(Image-caption web data)
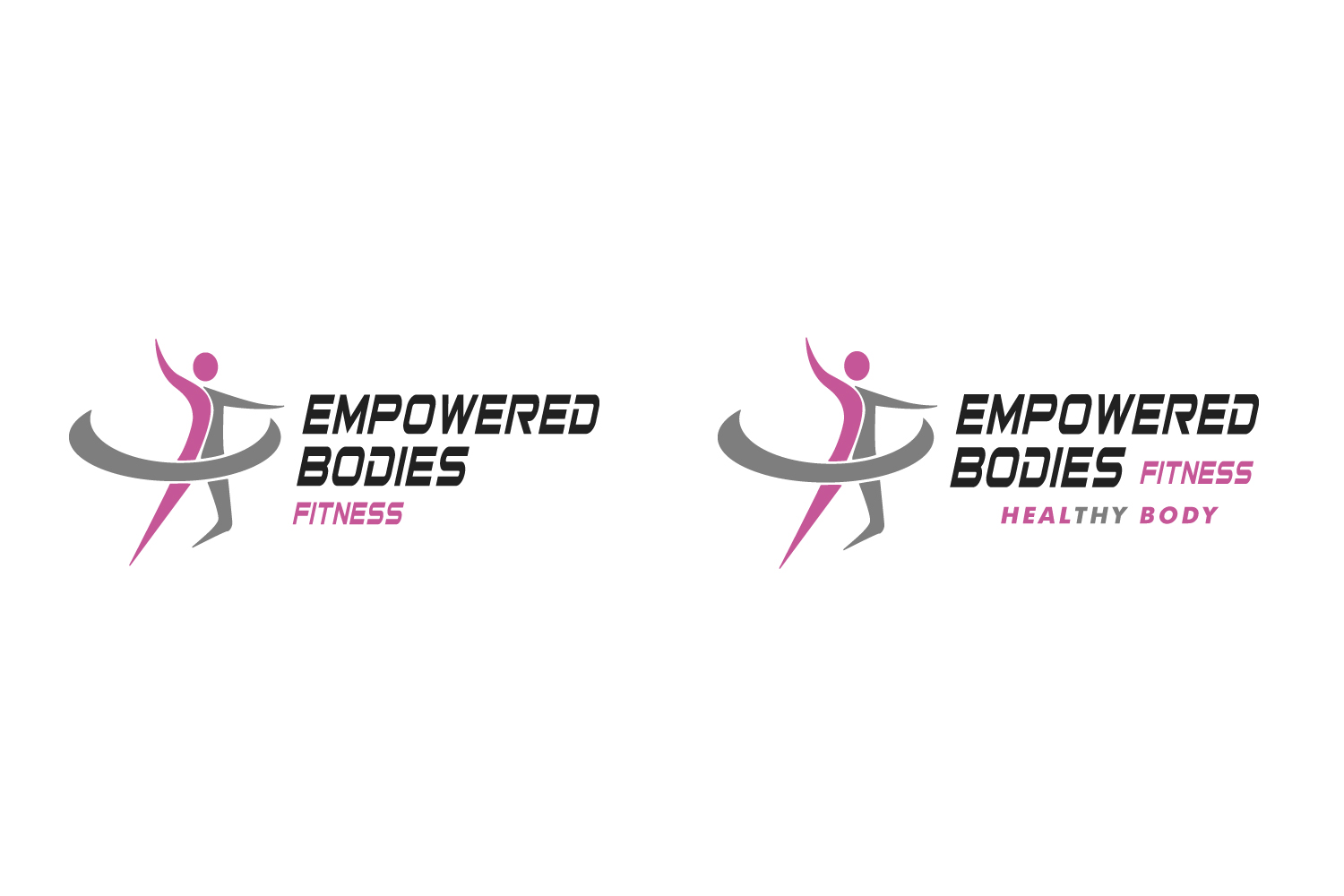 Logo-Design von Wally_F für Empowered Bodies Fitness | Design #9384086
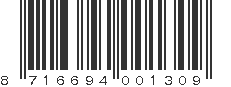 EAN 8716694001309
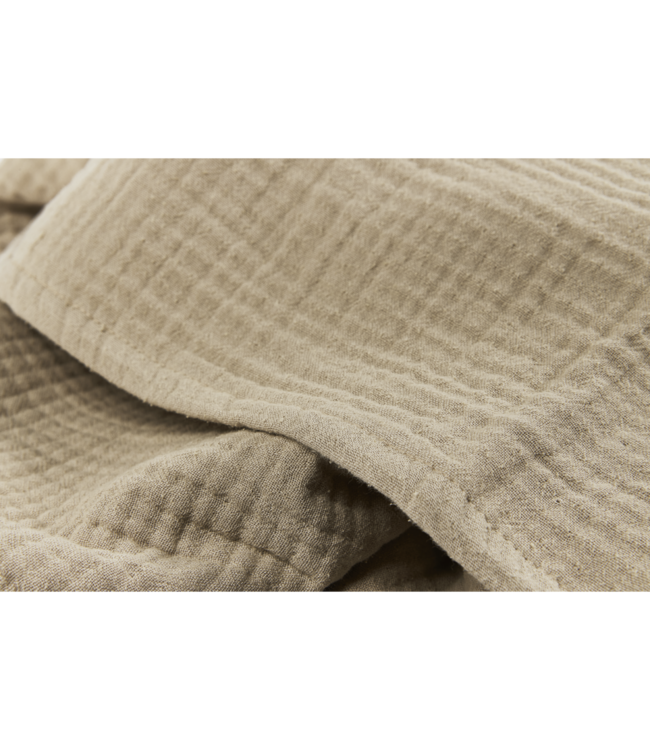 Meyco Wieglaken Pre-Washed hydrofiel Sand - 75x100 cm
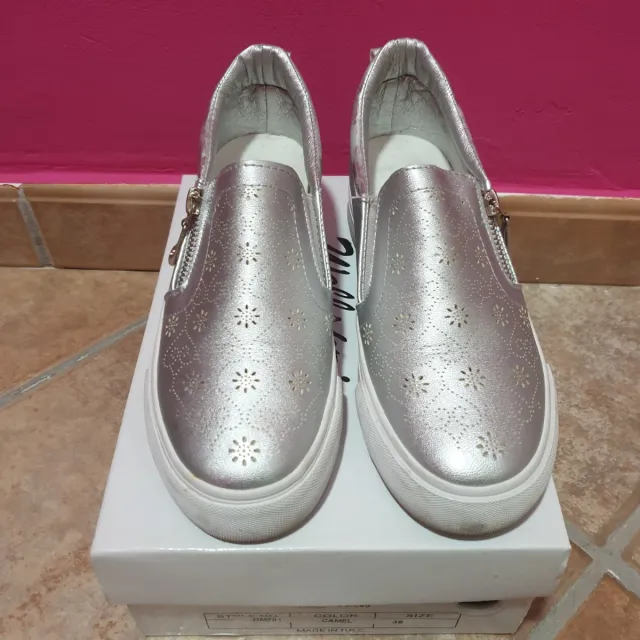 Scarpe Wellspring Argento
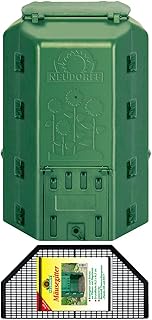 Neudorff 775 Thermokomposter DuoTherm 530 Liter mit Mäusegitter
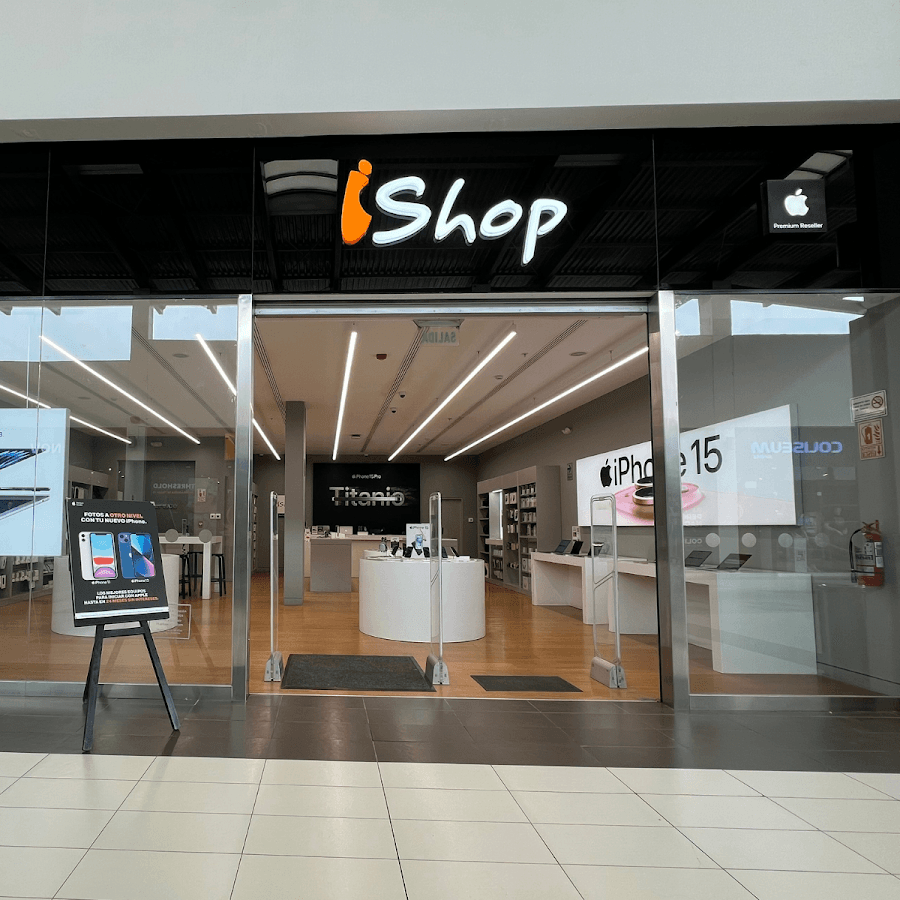 iShop - Real Plaza Chiclayo | Apple Premium Reseller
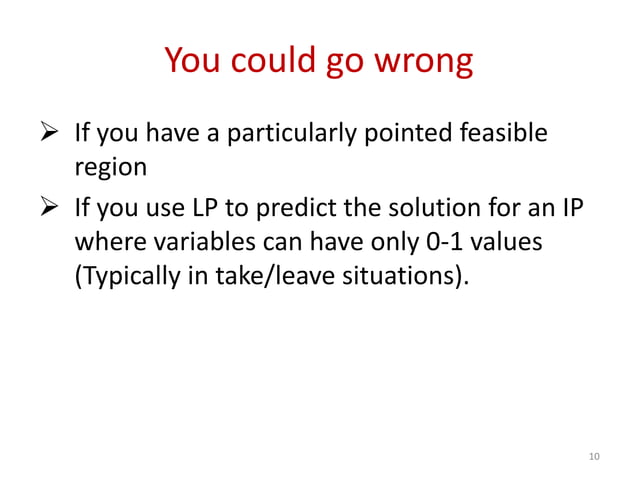 Integer Programming PPt.ernxzamnbmbmspdf | PPT
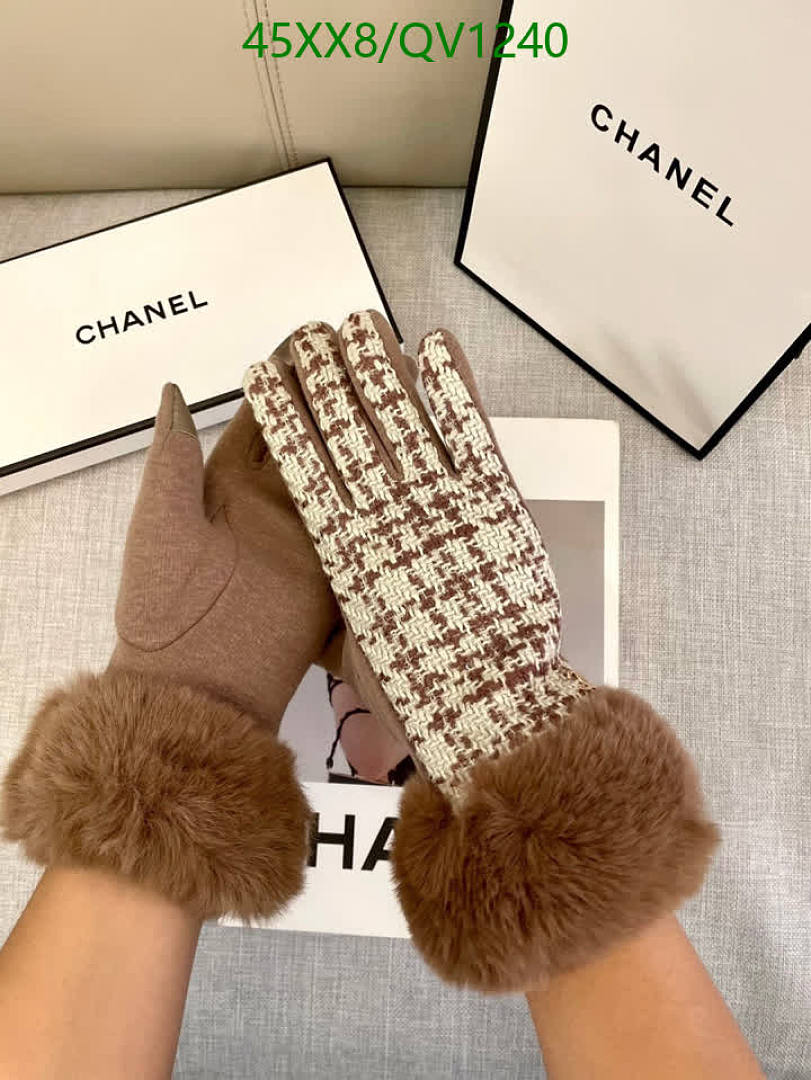 Chanel-Gloves Code: QV1240 $: 45USD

Exercise instructions: Give back exactly the lines from the one with "Neudorff 775 Thermokomposter" through the end of the records above, inclusive, and omit any pictures.

Completed task:
 Neudorff 775 Thermokomposter DuoTherm 530 Liter mit Mäusegitter
 iShop - Real Plaza Chiclayo | Apple Premium Reseller
 Integer Programming PPt.ernxzamnbmbmspdf | PPT
 Chanel-Gloves Code: QV1240 $: 45USD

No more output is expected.